- **ACTIVITY**
Which lines of the entries hold the string "Volume"? Copy each one.

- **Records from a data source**
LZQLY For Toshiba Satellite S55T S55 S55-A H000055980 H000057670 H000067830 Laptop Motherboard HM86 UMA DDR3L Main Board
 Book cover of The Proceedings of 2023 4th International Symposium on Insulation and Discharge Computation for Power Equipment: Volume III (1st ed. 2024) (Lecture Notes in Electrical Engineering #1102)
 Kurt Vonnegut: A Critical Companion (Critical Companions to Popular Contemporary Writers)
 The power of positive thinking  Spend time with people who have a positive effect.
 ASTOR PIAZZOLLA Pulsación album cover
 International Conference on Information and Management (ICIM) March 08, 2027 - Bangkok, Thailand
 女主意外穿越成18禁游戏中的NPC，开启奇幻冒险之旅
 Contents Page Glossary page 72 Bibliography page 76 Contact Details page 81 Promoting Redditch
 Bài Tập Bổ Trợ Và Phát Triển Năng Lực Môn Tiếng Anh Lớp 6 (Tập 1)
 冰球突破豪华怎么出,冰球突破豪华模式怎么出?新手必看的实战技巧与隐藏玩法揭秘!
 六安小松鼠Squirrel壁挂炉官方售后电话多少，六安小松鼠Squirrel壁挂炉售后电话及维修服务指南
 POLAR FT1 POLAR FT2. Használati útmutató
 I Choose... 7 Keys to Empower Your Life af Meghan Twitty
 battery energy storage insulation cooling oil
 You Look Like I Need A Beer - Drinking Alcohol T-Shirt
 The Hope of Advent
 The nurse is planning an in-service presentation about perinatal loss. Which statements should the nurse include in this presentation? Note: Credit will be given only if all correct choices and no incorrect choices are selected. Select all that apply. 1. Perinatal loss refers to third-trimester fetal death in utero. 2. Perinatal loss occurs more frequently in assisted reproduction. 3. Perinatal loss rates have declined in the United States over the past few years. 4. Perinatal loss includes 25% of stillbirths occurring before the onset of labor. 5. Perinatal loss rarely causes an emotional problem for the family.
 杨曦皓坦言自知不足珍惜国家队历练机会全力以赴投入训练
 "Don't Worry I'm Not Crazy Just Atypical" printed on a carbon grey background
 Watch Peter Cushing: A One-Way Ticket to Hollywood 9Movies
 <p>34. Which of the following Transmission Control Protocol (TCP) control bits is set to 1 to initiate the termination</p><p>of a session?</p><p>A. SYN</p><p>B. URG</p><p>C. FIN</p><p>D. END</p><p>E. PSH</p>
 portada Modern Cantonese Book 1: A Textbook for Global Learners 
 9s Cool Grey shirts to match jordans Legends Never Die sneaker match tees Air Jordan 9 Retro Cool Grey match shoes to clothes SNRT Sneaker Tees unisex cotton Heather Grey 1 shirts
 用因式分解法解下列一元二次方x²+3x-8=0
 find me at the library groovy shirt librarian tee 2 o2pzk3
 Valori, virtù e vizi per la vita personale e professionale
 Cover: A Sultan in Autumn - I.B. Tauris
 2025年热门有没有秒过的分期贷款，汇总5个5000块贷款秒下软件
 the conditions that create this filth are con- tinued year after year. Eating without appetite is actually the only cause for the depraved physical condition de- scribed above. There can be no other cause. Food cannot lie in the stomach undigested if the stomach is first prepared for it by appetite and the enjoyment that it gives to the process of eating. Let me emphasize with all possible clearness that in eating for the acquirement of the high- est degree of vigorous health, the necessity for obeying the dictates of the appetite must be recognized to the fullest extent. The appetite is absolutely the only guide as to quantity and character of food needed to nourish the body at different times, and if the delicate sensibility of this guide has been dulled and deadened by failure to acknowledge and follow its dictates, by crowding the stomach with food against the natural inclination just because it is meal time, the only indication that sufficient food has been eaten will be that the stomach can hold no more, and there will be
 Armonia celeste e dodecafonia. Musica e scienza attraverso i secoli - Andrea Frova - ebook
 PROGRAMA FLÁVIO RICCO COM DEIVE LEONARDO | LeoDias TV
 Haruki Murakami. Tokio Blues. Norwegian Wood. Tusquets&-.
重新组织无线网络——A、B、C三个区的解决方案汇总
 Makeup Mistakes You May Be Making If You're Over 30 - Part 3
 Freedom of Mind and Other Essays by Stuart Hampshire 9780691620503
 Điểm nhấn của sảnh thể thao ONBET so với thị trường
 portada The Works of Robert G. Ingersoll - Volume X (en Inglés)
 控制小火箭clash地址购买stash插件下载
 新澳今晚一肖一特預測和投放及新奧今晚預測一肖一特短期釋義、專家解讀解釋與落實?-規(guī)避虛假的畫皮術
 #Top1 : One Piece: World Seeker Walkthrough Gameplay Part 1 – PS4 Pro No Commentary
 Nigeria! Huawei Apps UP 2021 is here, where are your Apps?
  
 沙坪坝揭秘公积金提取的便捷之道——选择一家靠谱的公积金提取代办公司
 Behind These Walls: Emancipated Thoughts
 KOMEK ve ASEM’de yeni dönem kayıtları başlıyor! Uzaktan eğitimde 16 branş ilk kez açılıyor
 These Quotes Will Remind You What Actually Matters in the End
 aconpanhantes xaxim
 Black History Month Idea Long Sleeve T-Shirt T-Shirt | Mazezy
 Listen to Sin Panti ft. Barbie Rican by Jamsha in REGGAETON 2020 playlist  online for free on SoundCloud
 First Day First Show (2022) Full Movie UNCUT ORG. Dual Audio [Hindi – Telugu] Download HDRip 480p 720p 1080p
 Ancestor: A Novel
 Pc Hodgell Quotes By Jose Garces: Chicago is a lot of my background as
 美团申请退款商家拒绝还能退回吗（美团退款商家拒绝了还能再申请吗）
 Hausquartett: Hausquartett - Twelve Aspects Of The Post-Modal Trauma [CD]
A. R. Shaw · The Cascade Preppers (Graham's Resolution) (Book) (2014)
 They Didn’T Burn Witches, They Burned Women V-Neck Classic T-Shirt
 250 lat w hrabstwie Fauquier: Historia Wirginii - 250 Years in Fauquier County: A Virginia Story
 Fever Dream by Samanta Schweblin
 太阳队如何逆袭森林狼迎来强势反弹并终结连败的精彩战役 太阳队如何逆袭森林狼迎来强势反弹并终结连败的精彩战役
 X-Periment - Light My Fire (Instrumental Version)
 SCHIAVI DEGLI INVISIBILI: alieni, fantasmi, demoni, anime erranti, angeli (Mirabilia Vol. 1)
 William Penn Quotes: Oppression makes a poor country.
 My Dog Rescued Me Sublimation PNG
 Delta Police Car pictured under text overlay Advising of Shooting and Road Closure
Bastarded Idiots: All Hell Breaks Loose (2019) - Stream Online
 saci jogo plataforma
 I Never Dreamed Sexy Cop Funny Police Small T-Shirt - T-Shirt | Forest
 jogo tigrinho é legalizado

- **WRITTEN SOLUTION**
 Book cover of The Proceedings of 2023 4th International Symposium on Insulation and Discharge Computation for Power Equipment: Volume III (1st ed. 2024) (Lecture Notes in Electrical Engineering #1102)
 portada The Works of Robert G. Ingersoll - Volume X (en Inglés)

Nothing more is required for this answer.